Early modern humans inhabited what is today known as Austria around 43,500 years ago, living in an environment that was cold and steppe-like, according to a recent study published in the Proceedings of the National Academy of Sciences (PNAS) journal.

Titled “Early modern human settlement of Europe north of the Alps occurred 43,500 years ago in a cold steppe-type environment” (PNAS 2014; September 2014), and written by Philip Nigst and colleagues of the Max Planck Institute for Evolutionary Anthropology and other institutions, the study detailed how they had analyzed stone tools and their context after a re-excavation of the famous Willendorf site in Austria, the site best known for the discovery in 1908 of the Venus of Willendorf figurine.

Between 2006 and 2011 archaeologists uncovered an assemblage of 32 lithic artifacts and 23 faunal remains.
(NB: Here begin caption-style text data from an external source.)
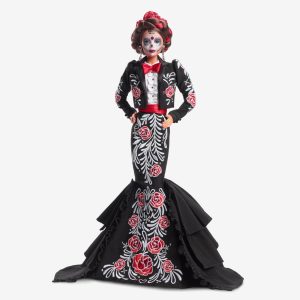 2022 D??a De Muertos Benito Santos x Barbie Doll
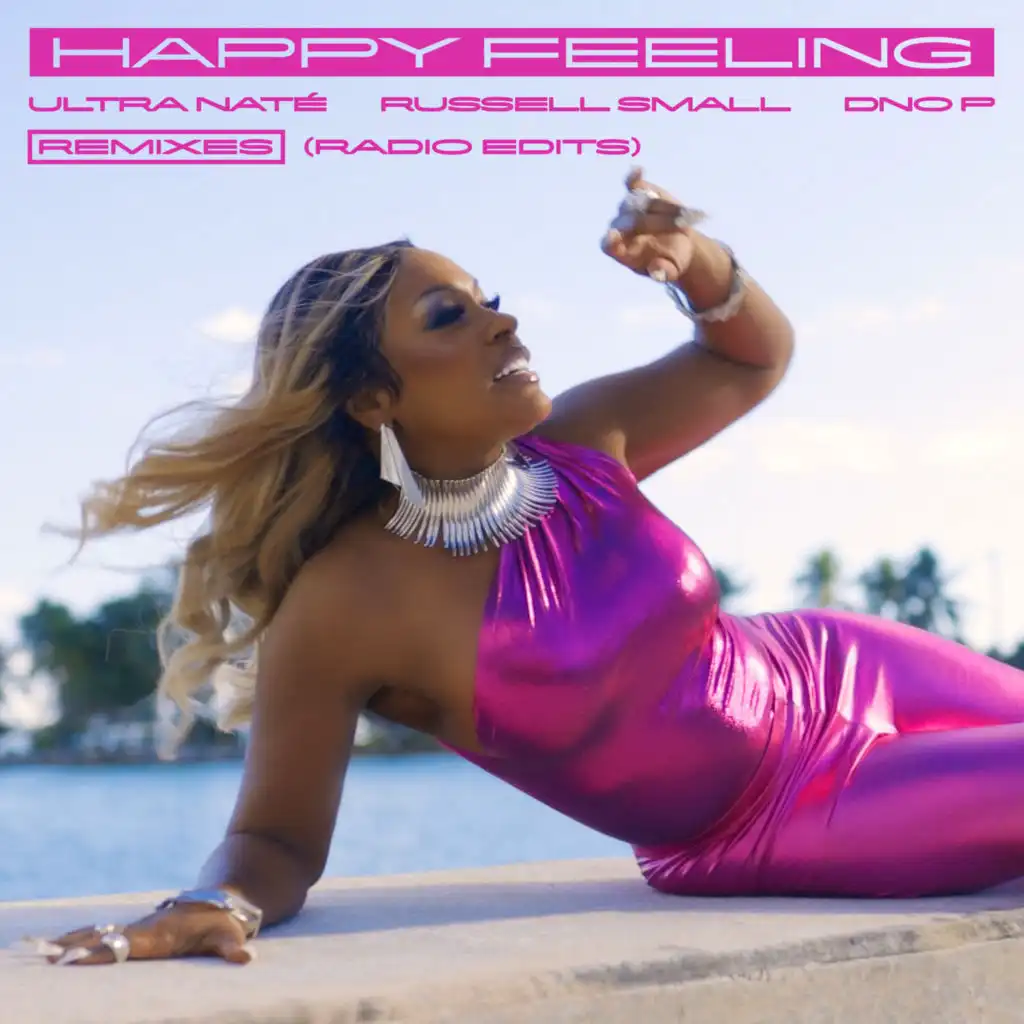 HAPPY FEELING (D'Angello & Francis Hi-NRG Mix)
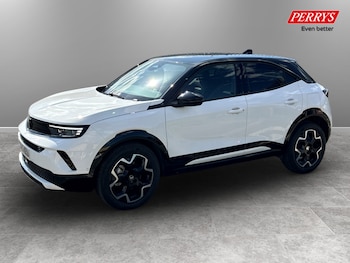 Used Vauxhall Mokka 2025 for sale - 78282613: Photo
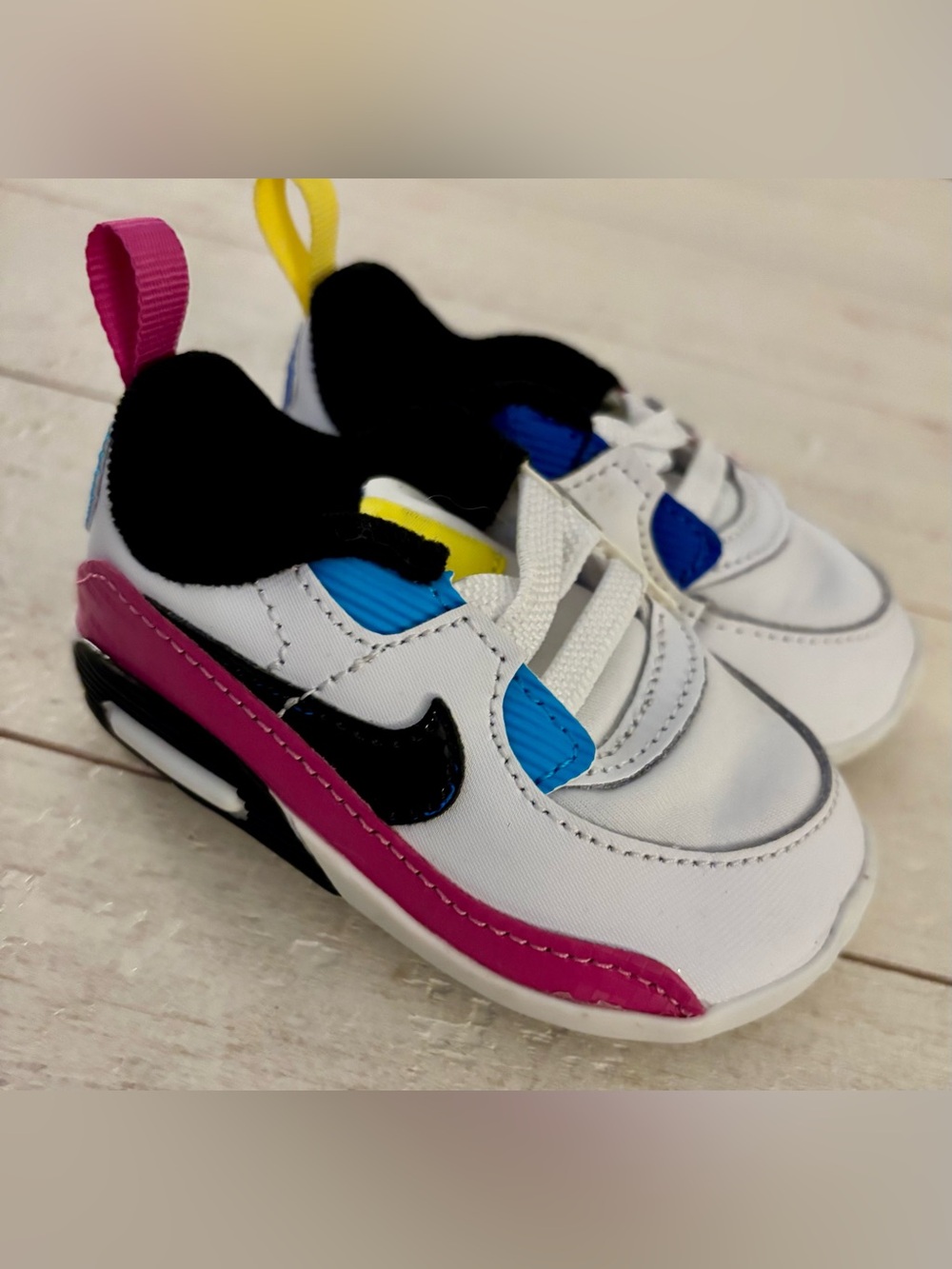 Nike Air Max 90 Se Crib Sneakers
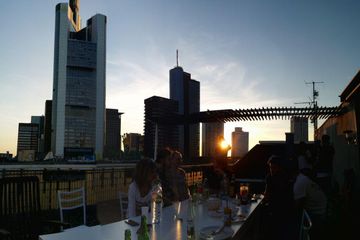 Frankfurt workshop spaces Rooftop Rooftop Terrace image 1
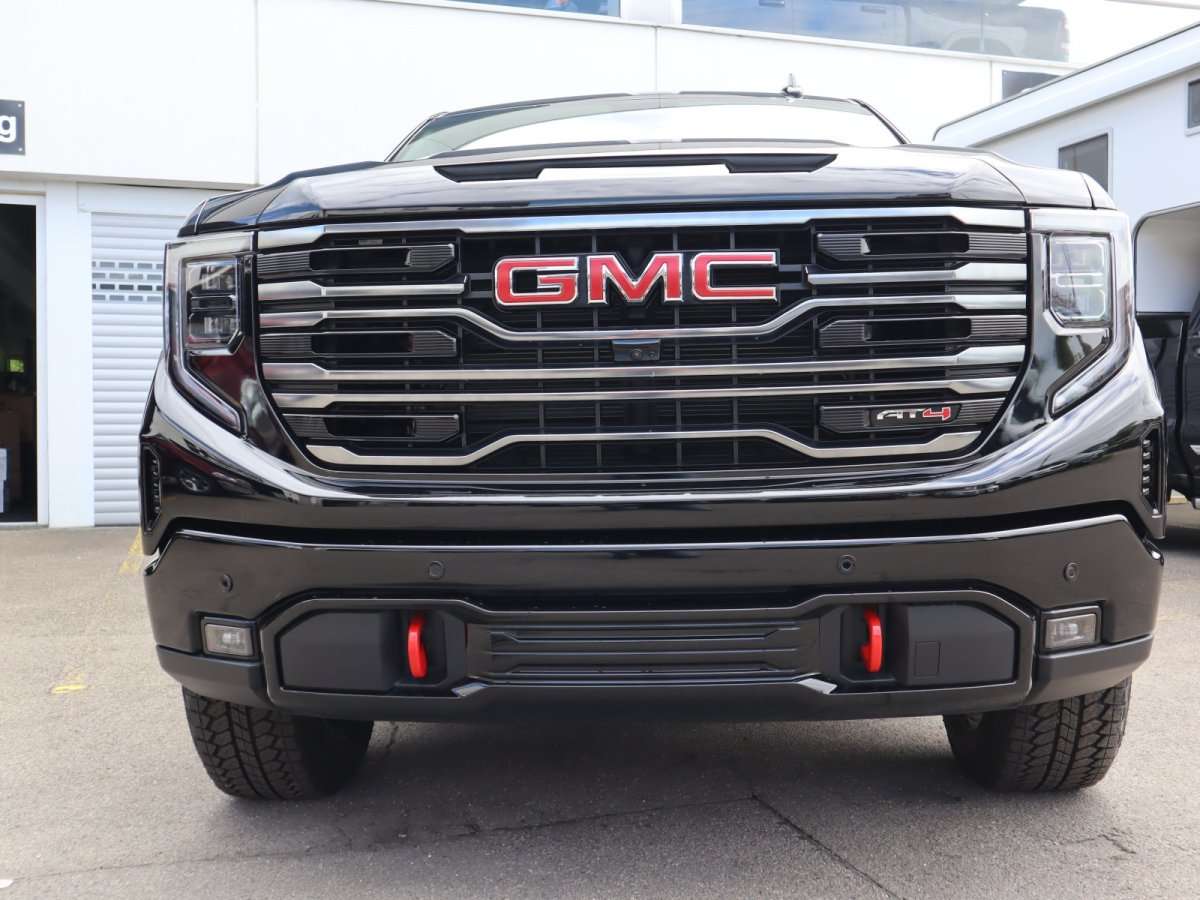 Fahrzeugbild eines GMC Sierra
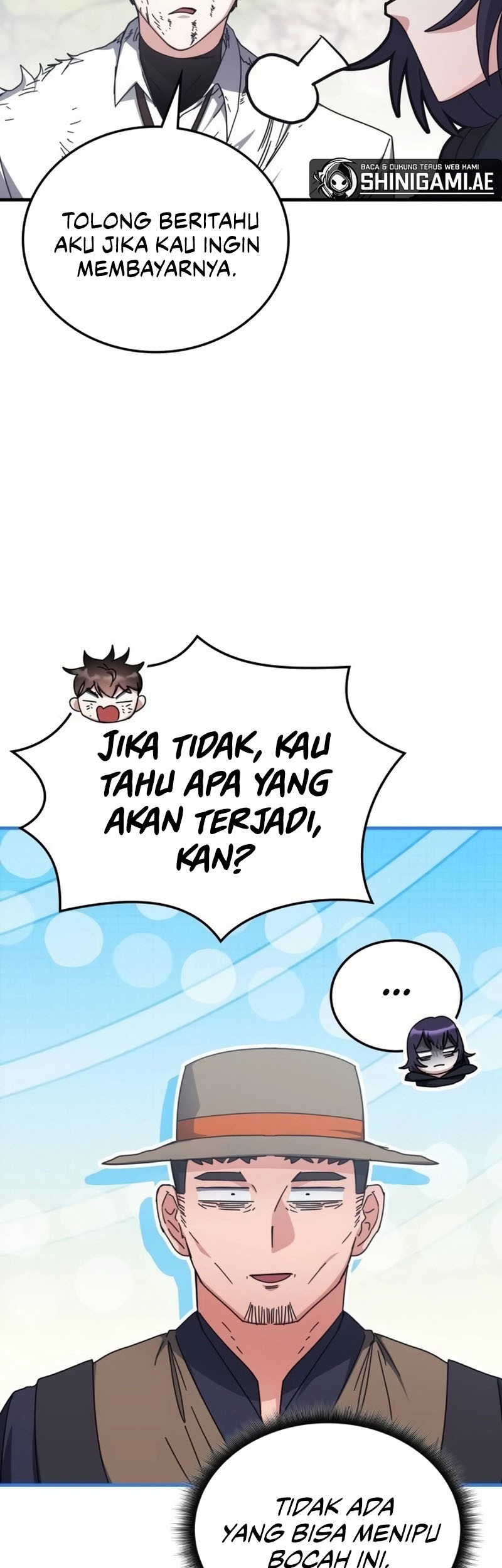 Transcension Academy Bab 126 halaman 56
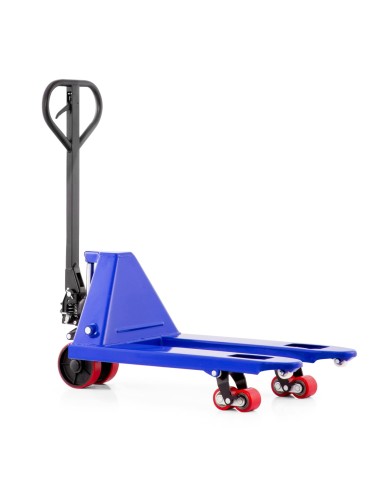 Handhubwagen SHORT mit 800mm Gabeln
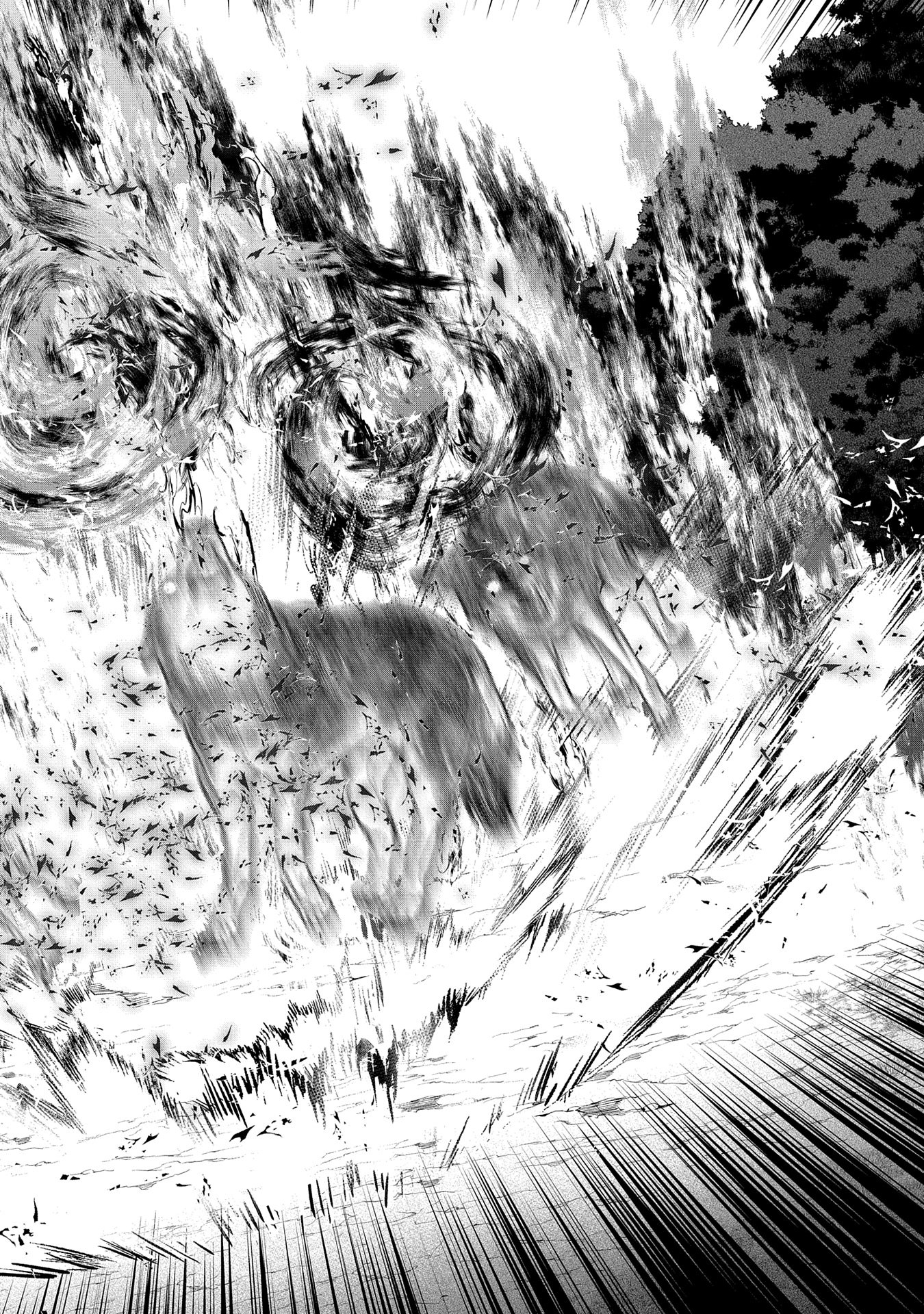 Ane ni Iwareru ga Mama ni Tokkun wo Shiteitara, Tondemonai Tsuyosa ni Natteita Otouto Chapter 31 28ページ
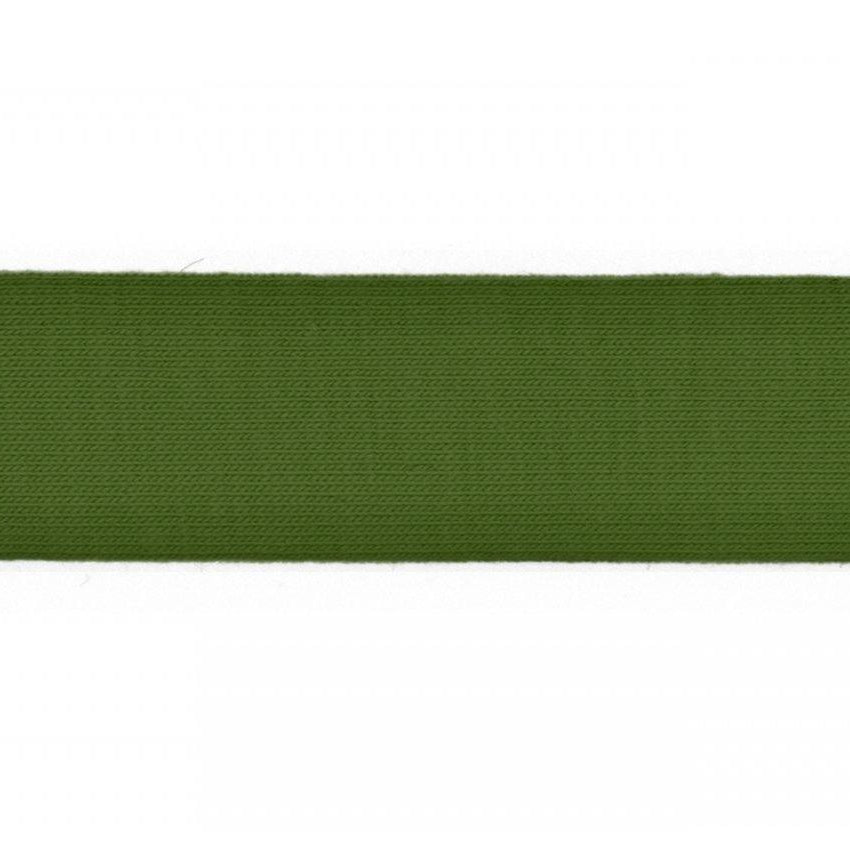 Stretch Bias Binding Tape - Olive-Bias Binding-Jelly Fabrics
The authors identified the tools as belonging to the Aurignacian culture, generally accepted as associated with modern humans.

The researchers determined this through systematic morphological and technological analysis. They assign the artifacts to a very early archaeological horizon of modern human occupation.

“By using stratigraphic, paleoenvironmental, and chronological data, AH 3 [the archaeological horizon assigned to this assemblage] is ascribed to the onset of Greenland Interstadial 11, around 43,500 cal B.P.,* and thus is older than any other Aurignacian assemblage,” wrote the study authors.

“Most importantly,” the study authors continued, “for the first time to our knowledge, we have a high-resolution environmental context for an Early Aurignacian in Central Europe, demonstrating an early appearance of behaviorally modern humans in a medium-cold steppe-type environment with some boreal trees along valleys around 43,500 cal B.P.”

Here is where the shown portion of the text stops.